- _Exercise instructions_: Keep every word of the entries and print them exactly; the pictures stay out.

- _Input data_:
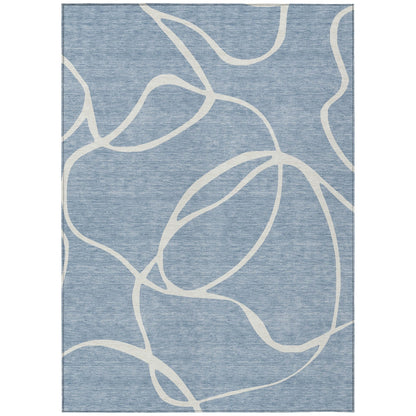 Machine Washable Indoor/ Outdoor Abstract Modern Chantille Rug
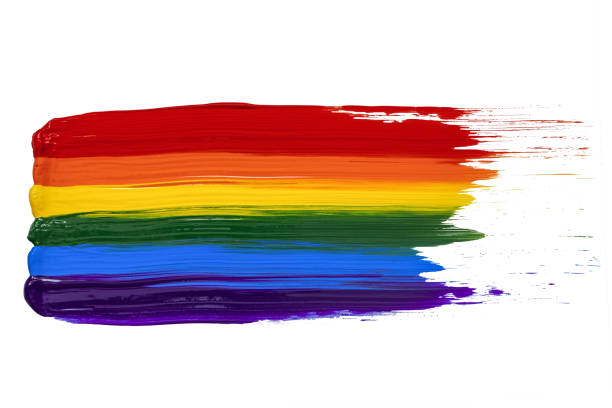 Painted Rainbow LGBT Pride flag isolated on white background. Six colored striped flag: red, orange, yellow, green, blue, and violet. Painted Rainbow LGBT Pride flag isolated on white background. Six colored striped flag: red, orange, yellow, green, blue, and violet. gay pride symbol photos stock pictures, royalty-free photos & images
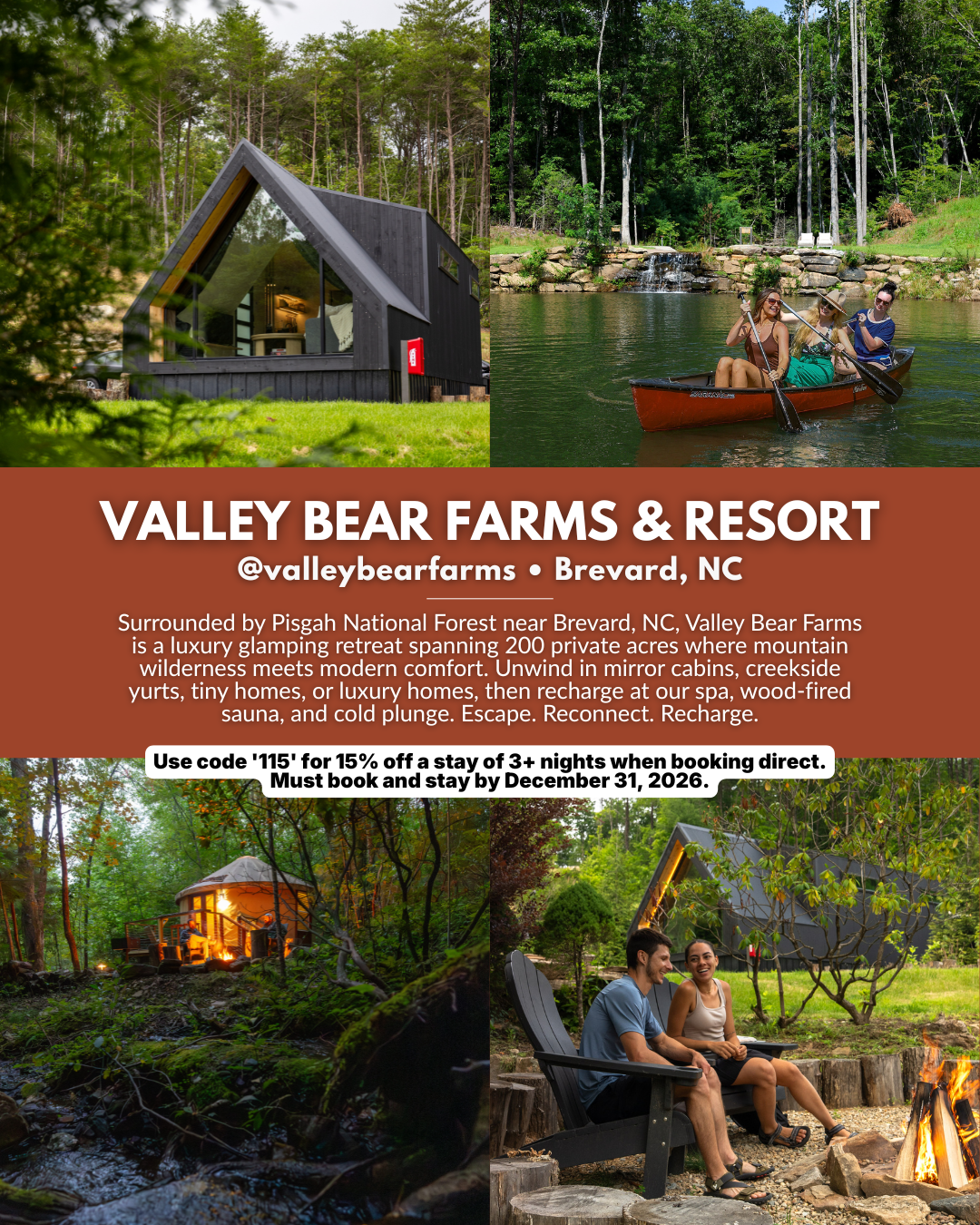 Luxury glamping retreat at Valley Bear Farms near Pisgah National Forest and Brevard, North Carolina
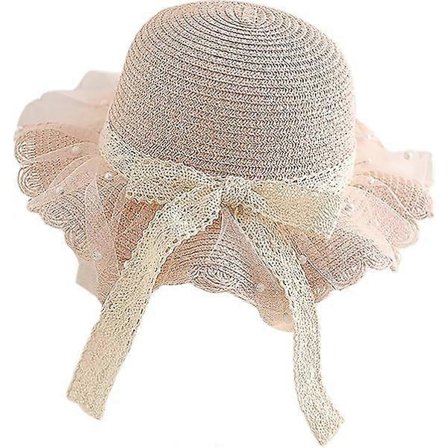 Pigers Sommer Stråhat Solbeskyttelse Skyggehatte Foldbar Bred Skyggekant Sløjfe Strandhat til 2-8 År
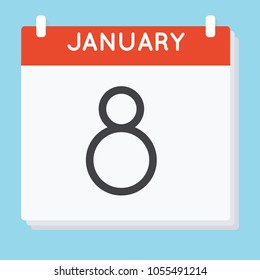 January 8. Calendar icon. Vector illustration in flat design isolated in blue background. Date and time, day, month.
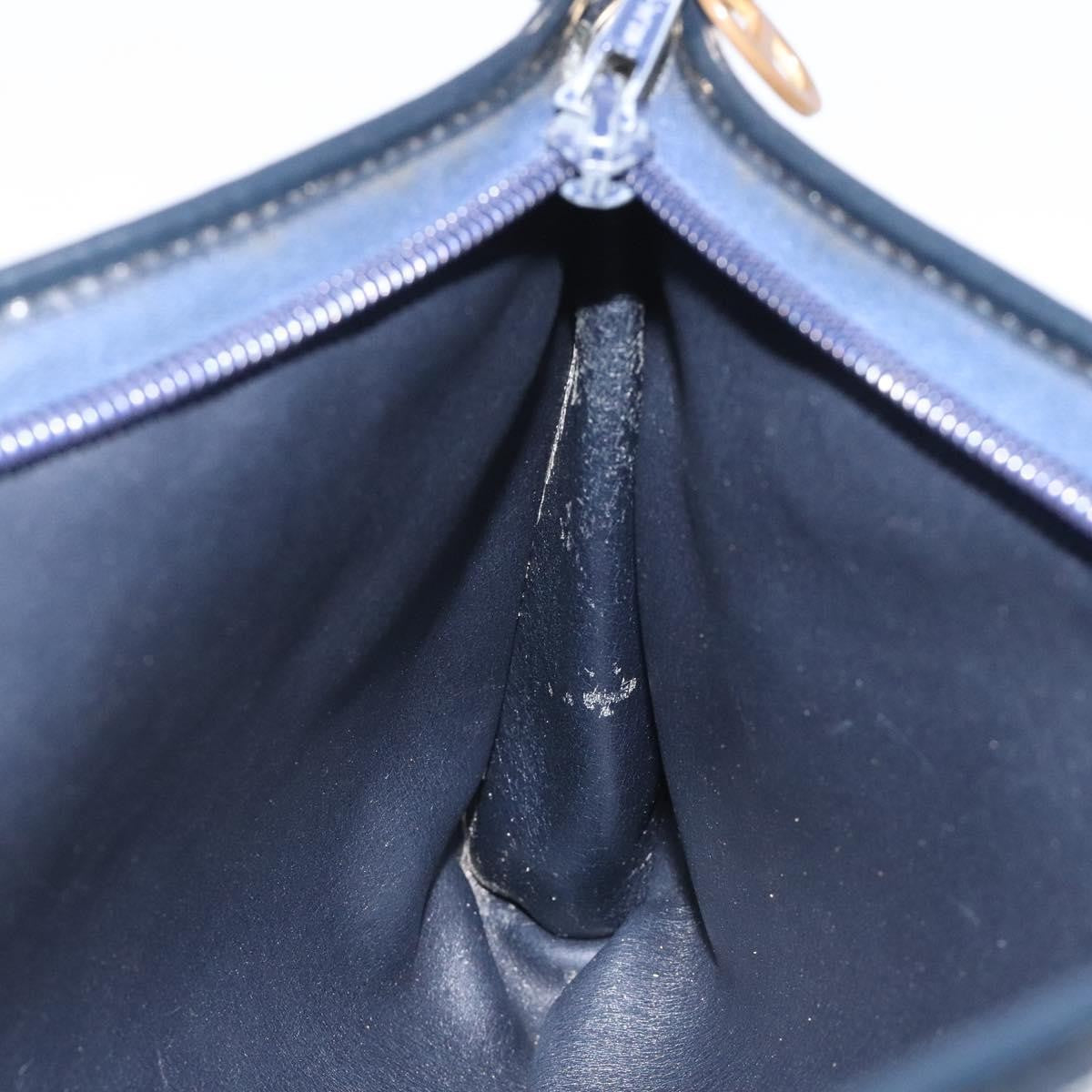 Dior Christian Dior Trotter Canvas Shoulder Bag Navy Gold Authentic 126267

- _Completed task_:
 Machine Washable Indoor/ Outdoor Abstract Modern Chantille Rug
 Painted Rainbow LGBT Pride flag isolated on white background. Six colored striped flag: red, orange, yellow, green, blue, and violet. Painted Rainbow LGBT Pride flag isolated on white background. Six colored striped flag: red, orange, yellow, green, blue, and violet. gay pride symbol photos stock pictures, royalty-free photos & images
 Luxury glamping retreat at Valley Bear Farms near Pisgah National Forest and Brevard, North Carolina
 Pigers Sommer Stråhat Solbeskyttelse Skyggehatte Foldbar Bred Skyggekant Sløjfe Strandhat til 2-8 År
 January 8. Calendar icon. Vector illustration in flat design isolated in blue background. Date and time, day, month.
 Dior Christian Dior Trotter Canvas Shoulder Bag Navy Gold Authentic 126267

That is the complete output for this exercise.